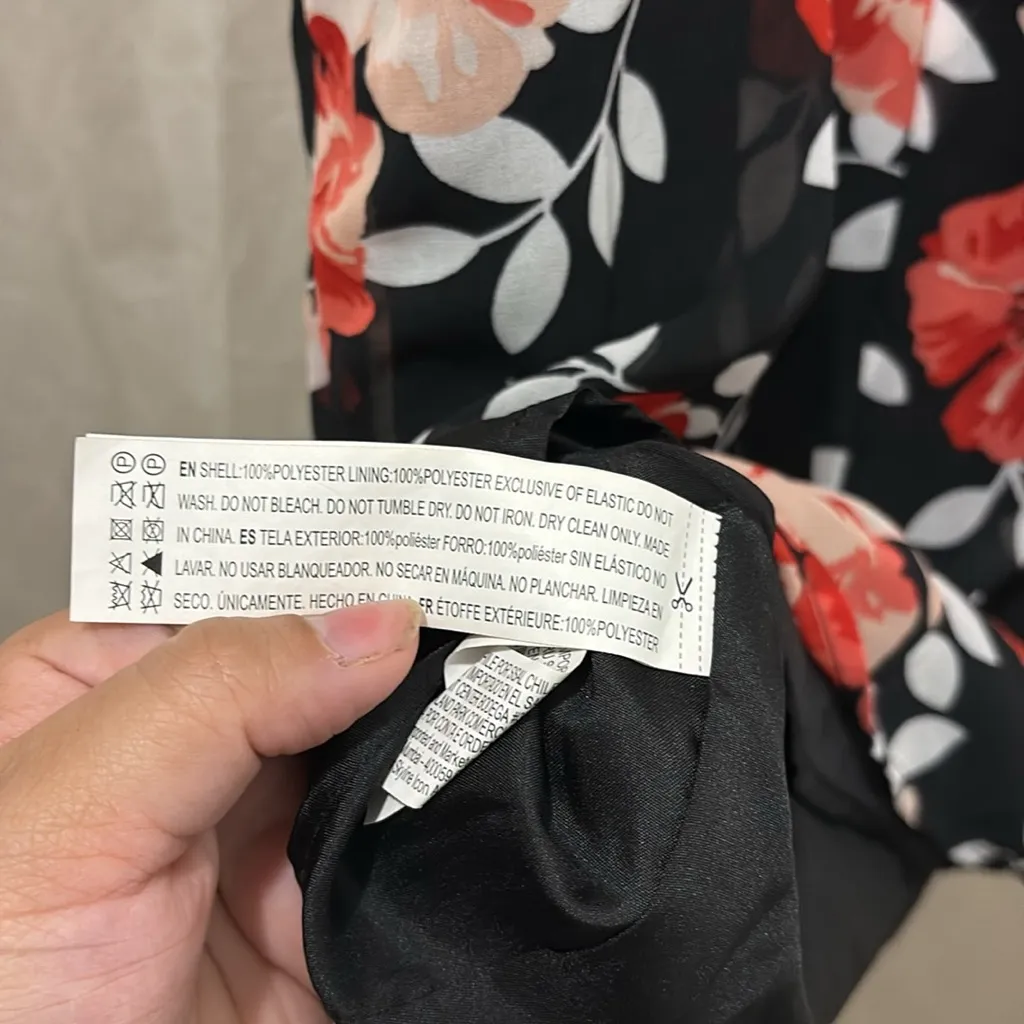 Forever 21 Black Dress with Red Floral Design - Image 4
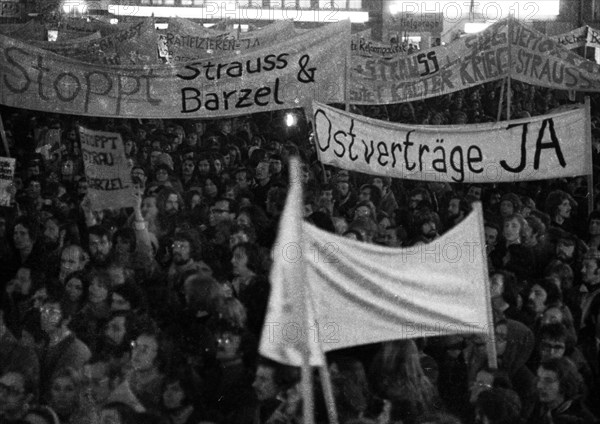 Supporters and friends of the SPD/FDP government coalition demonstrated in Bonn on 26 April 1972 with a torchlight march and rally in favour of the government and the ratification of the Eastern treat...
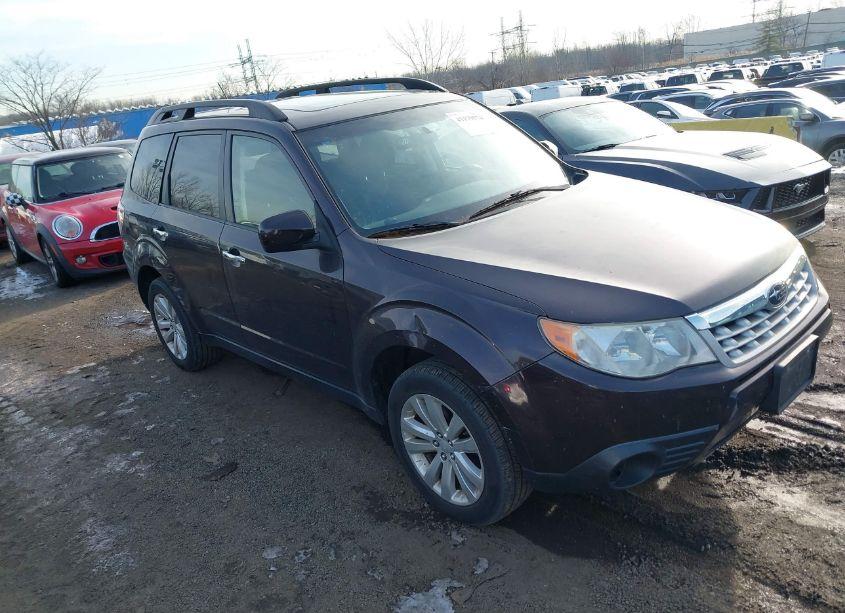 2013 Subaru Forester 2.5X PREMIUM (VIN JF2SHADC0DH415016) main photo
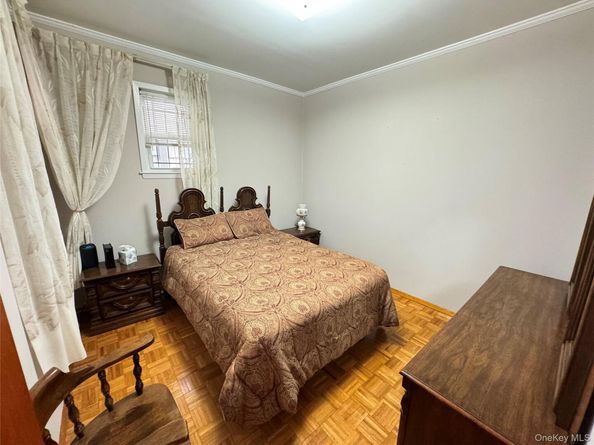 2590 37th Street, Astoria NY 11103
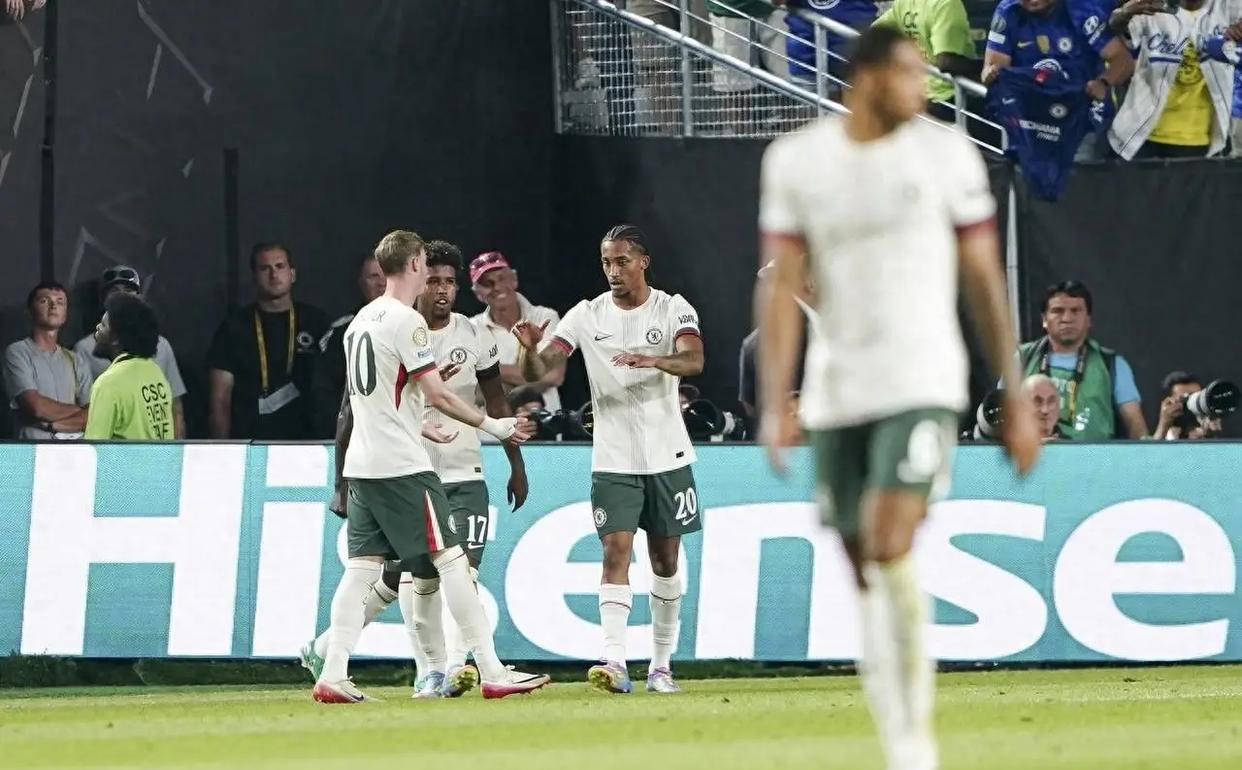 包含切尔西凭梅森梅开二度，客场不败保持强势的词条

+++

**Exercise prompt**: Return exactly the lines that begin with the one containing "2013 Subaru Forester" and end with the final line of the data above; include no pictures.

**Answer for this exercise**:
 2013 Subaru Forester 2.5X PREMIUM (VIN JF2SHADC0DH415016) main photo
 2590 37th Street, Astoria NY 11103
 包含切尔西凭梅森梅开二度，客场不败保持强势的词条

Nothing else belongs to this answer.